Gij redt ons van het sterven.
Groet – votum- verootmoediging (gesproken door voorganger)
zingen Opw 715 (Wat hou ik van uw huis)
Wat hou ik van Uw huis
Heer van de hemelse legers.
Ik kan zo sterk verlangen naar
de binnenpleinen van de Heer.
Diep in mijn lijf is zo’n heimwee,
zo’n blijvende schreeuw om de Levende God.
Een vogel is er thuis,
Heer van de hemelse legers.
Een zwaluw voedt haar jongen op
bij U onder de pannen, God.
Wonen bij U is een zegen,
zo’n blijvende kans om te zingen voor U.
Gelukkig wie naar U
vol van verlangen op weg zijn,
zelfs in het dorre bomendal
zien zij een bron en regenval,
gaan zij van zegen tot zegen,
naar God die verschijnt in Zijn heilige stad.

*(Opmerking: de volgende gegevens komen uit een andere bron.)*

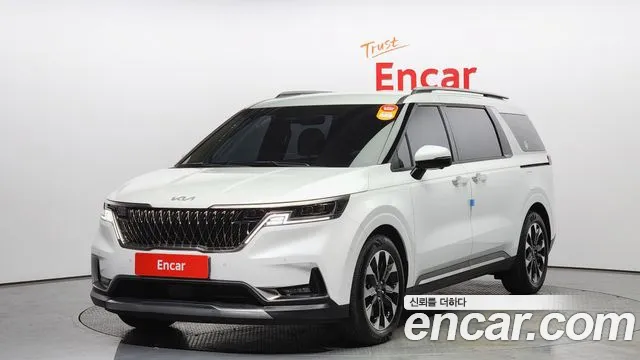 Kia Carnival Gasoline 9-Seater Signature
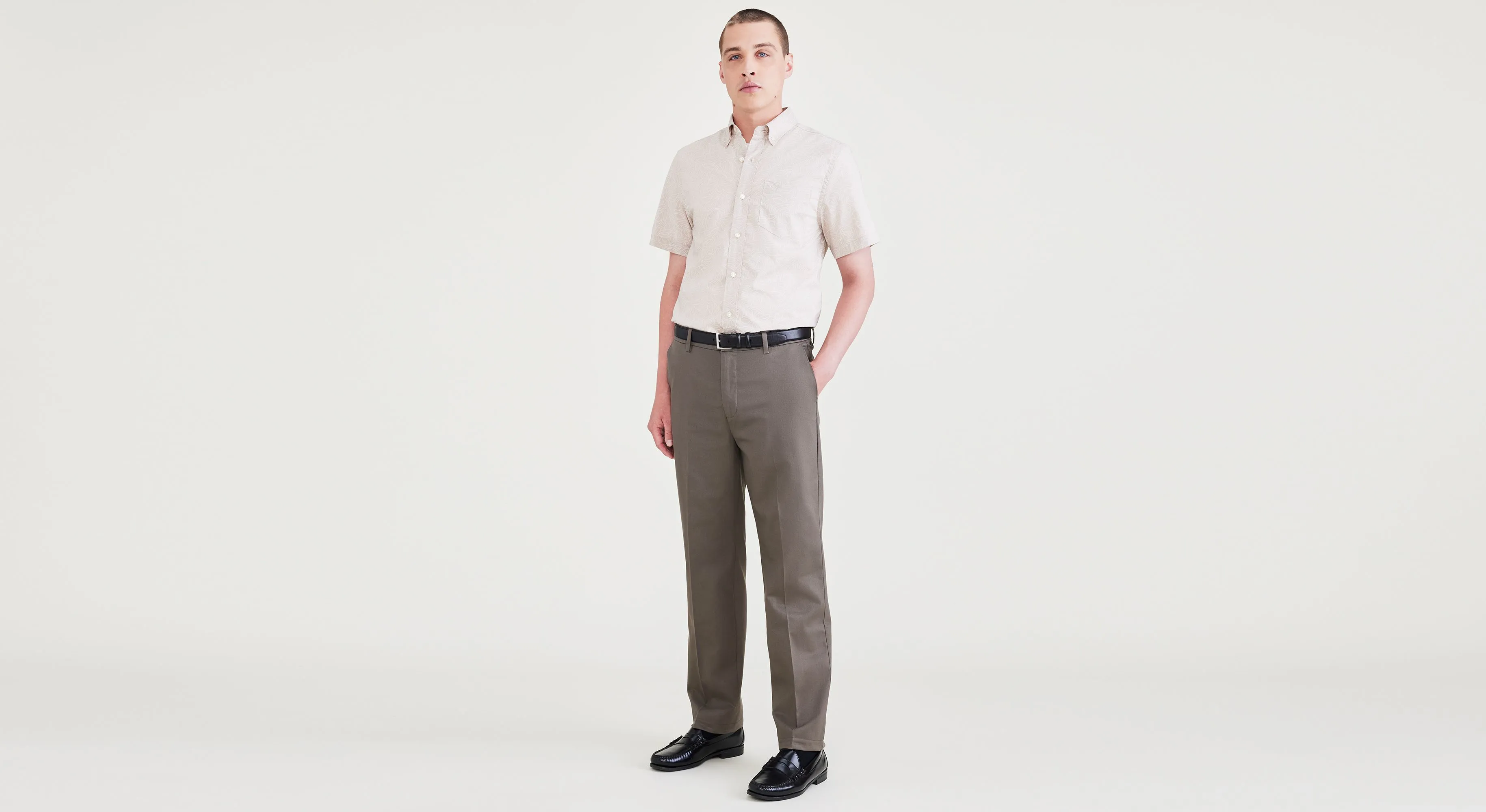 Signature Iron Free Khakis, Straight Fit with Stain Defender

Ach hoor en kijk naar mij,
Heer van de hemelse legers.
Ja liever één dag dicht bij U
dan duizend dagen zonder U.
Liever bij U aan de drempel
dan binnen te zijn in een duistere tent.
De Heer beveiligt ons,
eer en geluk zal Hij geven
Hij heeft Zijn liefde nooit ontzegd
aan mensen, eerlijk onderweg.
Heer van de Hemelse legers,
gelukkig zijn zij die vertrouwen op U.
Wat hou ik van Uw huis!
Gebed bij de opening van het Woord
Kindermoment en kinderlied
Lezing Jesaja 45: 20-25
20 Laten wie uit de volken zijn ontkomen zich verzamelen,
laat hen allen naderbij komen.
Wie een houten godenbeeld ronddraagt, heeft geen verstand.
Wie bidt er nu tot een god die niet redt?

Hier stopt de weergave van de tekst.